Hypocrite ! : Le mot grec hupokritês désignait au départ les acteurs de théâtre grecs (et plus tard romains) qui portaient de grands masques pour cacher leur identité et amplifier leur voix. Avec le temps, ce mot en est venu à être utilisé dans un sens métaphorique pour parler d’une personne qui cache ses véritables intentions ou sa personnalité en jouant la comédie. En Mt 6:5, 16, Jésus a qualifié les chefs religieux juifs d’« hypocrites ». Ici, en Lc 6:42, il applique ce terme à tout disciple qui se focalise sur les fautes d’un autre, alors qu’il ferme les yeux sur ses propres fautes.

Un homme bon : C.-à-d. un homme qui aime le bien.

une inondation : L’hiver (surtout pendant le mois de tébeth, c’est-à-dire en décembre-​janvier), en Israël, il n’est pas rare que des tempêtes soudaines éclatent. Elles s’accompagnent de vents violents, de pluies torrentielles et de crues subites et destructrices (voir app. B15).

Documents multimédias

Rive nord de la mer de Galilée, vue en direction du nord-ouest
Rive nord de la mer de Galilée, vue en direction du nord-ouest

1. Plaine de Génésareth. C’était un triangle de terre fertile qui longeait la mer sur environ 5 km et s’enfonçait dans les terres sur environ 2,5 km. Jésus marchait le long du rivage dans cette région quand il a invité les pêcheurs Pierre, André, Jacques et Jean à l’accompagner dans son ministère (Mt 4:18-22).

2. Selon la tradition, c’est ici que Jésus a prononcé le Sermon sur la montagne (Mt 5:1 ; Lc 6:17, 20).

3. Capharnaüm.
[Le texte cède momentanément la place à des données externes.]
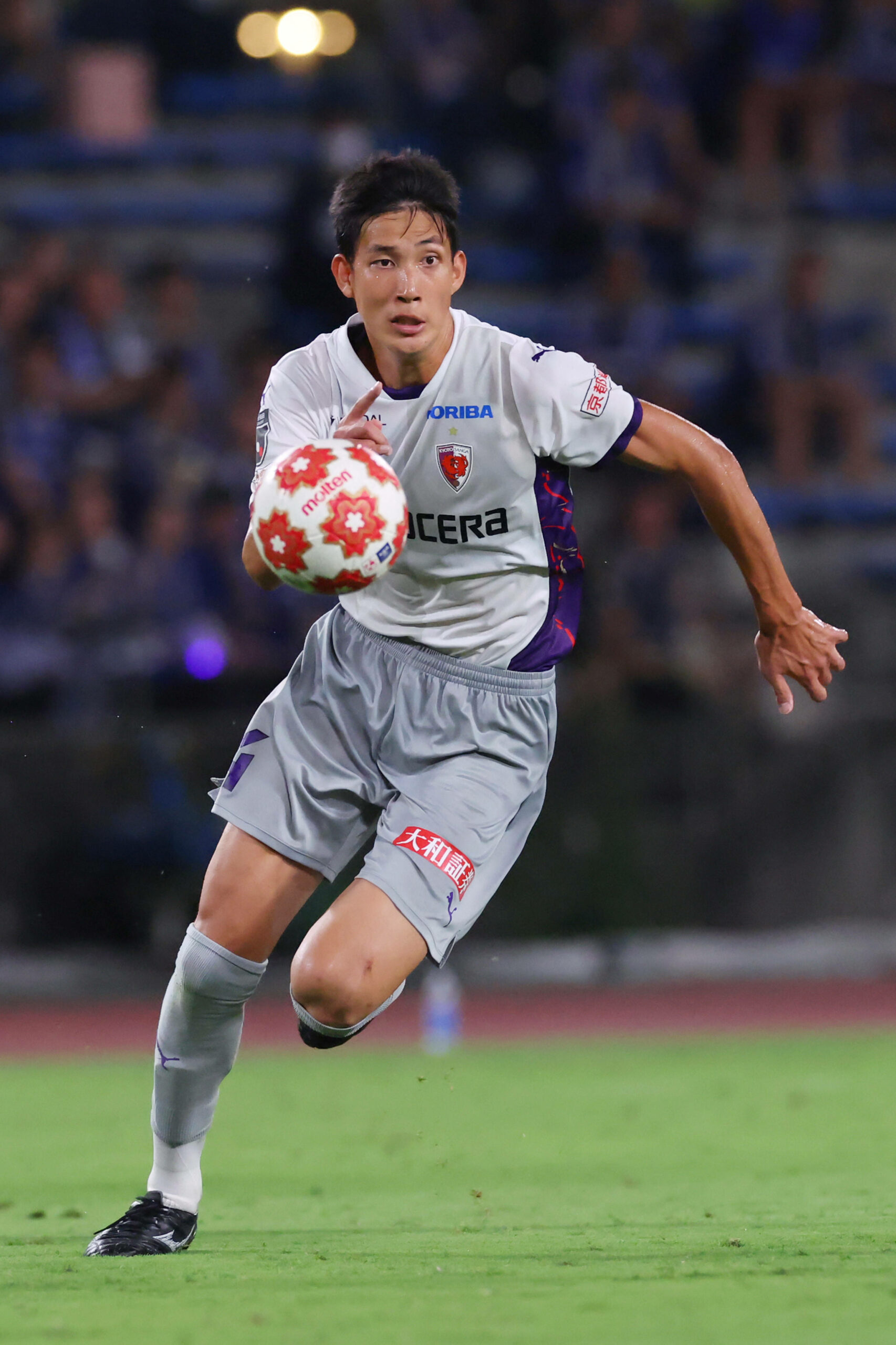 Taichi Hara bei einem Spiel für Kyoto Sanga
Jésus s’est installé dans cette ville, et c’est là ou dans les environs qu’il a vu Matthieu et l’a invité à le suivre (Mt 4:13 ; 9:1, 9).

Repli d’un vêtement
Repli d’un vêtement

Le vêtement de dessus que portaient les Israélites aux temps bibliques était très ample au niveau de la poitrine. On pouvait le porter de manière à ce qu’un pan du vêtement retombe par-dessus la ceinture. Ce pan formait un repli, qui pouvait servir de grande poche où l’on mettait de l’argent, des céréales ou d’autres articles. On pouvait même l’utiliser pour porter son bébé ou un jeune agneau (Ex 4:6, 7 ; Nb 11:12 ; 2R 4:39 ; Jb 31:33 ; Is 40:11). Le terme grec rendu par « le repli de votre vêtement » en Lc 6:38 signifie littéralement « votre sein (poitrine) », mais dans ce contexte, il désigne le repli du vêtement. L’expression « verser dans le repli du vêtement » fait sans doute allusion à l’habitude qu’avaient certains vendeurs de remplir le pan du vêtement de dessus d’une personne avec les articles qu’elle venait d’acheter.
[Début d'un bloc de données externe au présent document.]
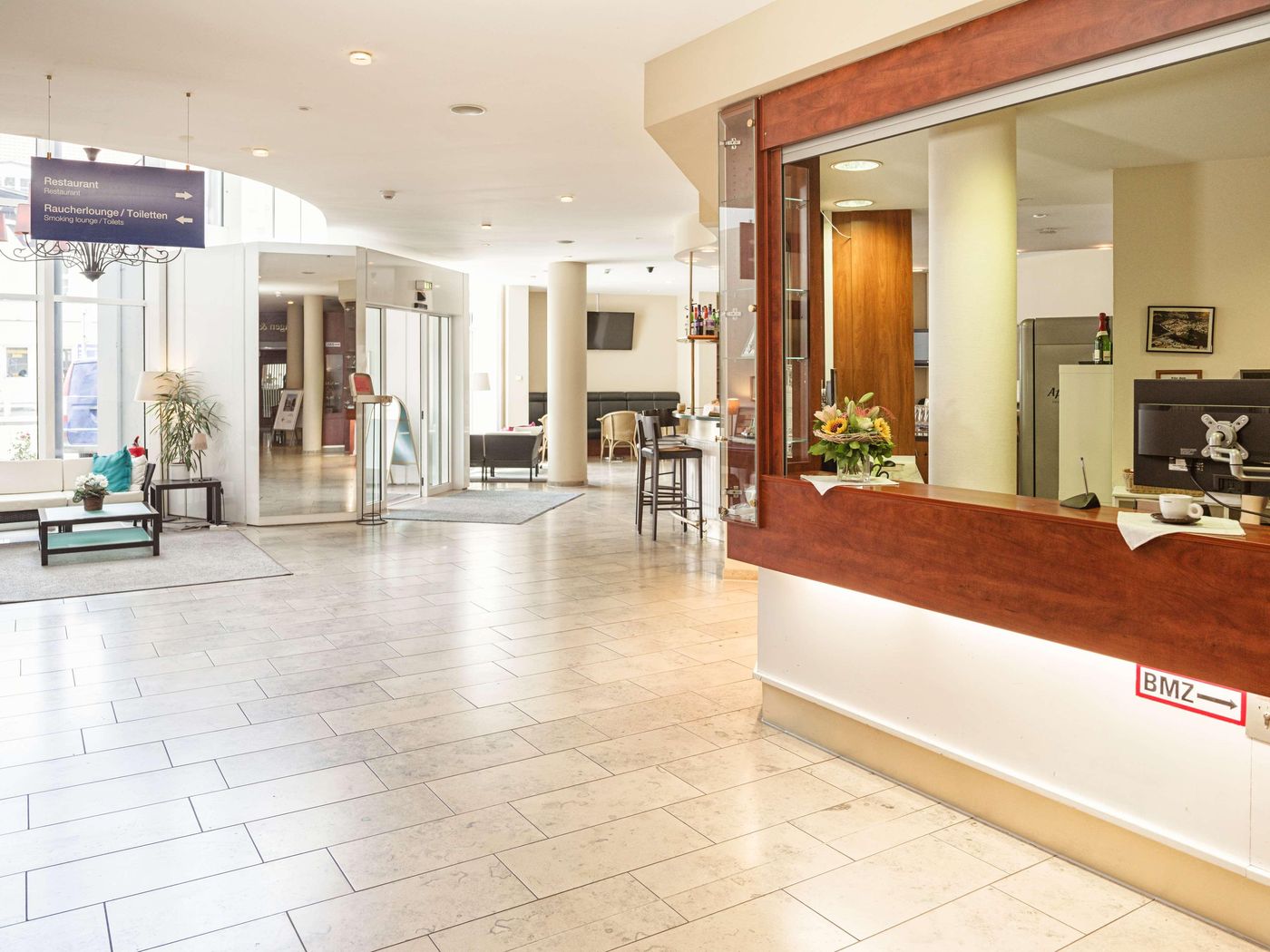 Hotel-am-Schloss-Koepenick-Berlin-by-Golden-Tulip-Lobby-14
Figuier, vigne et buisson épineux
Figuier, vigne et buisson épineux

Il ne fait aucun doute que Jésus a choisi avec soin les plantes qu’il a utilisées dans ses exemples. Dans de nombreux textes, le figuier (1) et la vigne (2) sont mentionnés ensemble, et les paroles de Jésus rapportées en Lc 13:6 montrent qu’on plantait souvent des figuiers au milieu des vignes (2R 18:31 ; Jl 2:22). L’expression « assis chacun sous sa vigne et sous son figuier » symbolisait des conditions de paix, de prospérité et de sécurité (1R 4:25 ; Mi 4:4 ; Za 3:10). À l’inverse, les ronces et les chardons ont une connotation négative, comme l’illustre le fait que Jéhovah les a mentionnés lorsqu’il a maudit le sol après le péché d’Adam (Gn 3:17, 18). On ne peut pas savoir avec certitude de quelle variété de plante épineuse Jésus parlait en Mt 7:16 ; sur la photo 3 figure une variété de chardon (Centaurea iberica) qui pousse à l’état sauvage en Israël.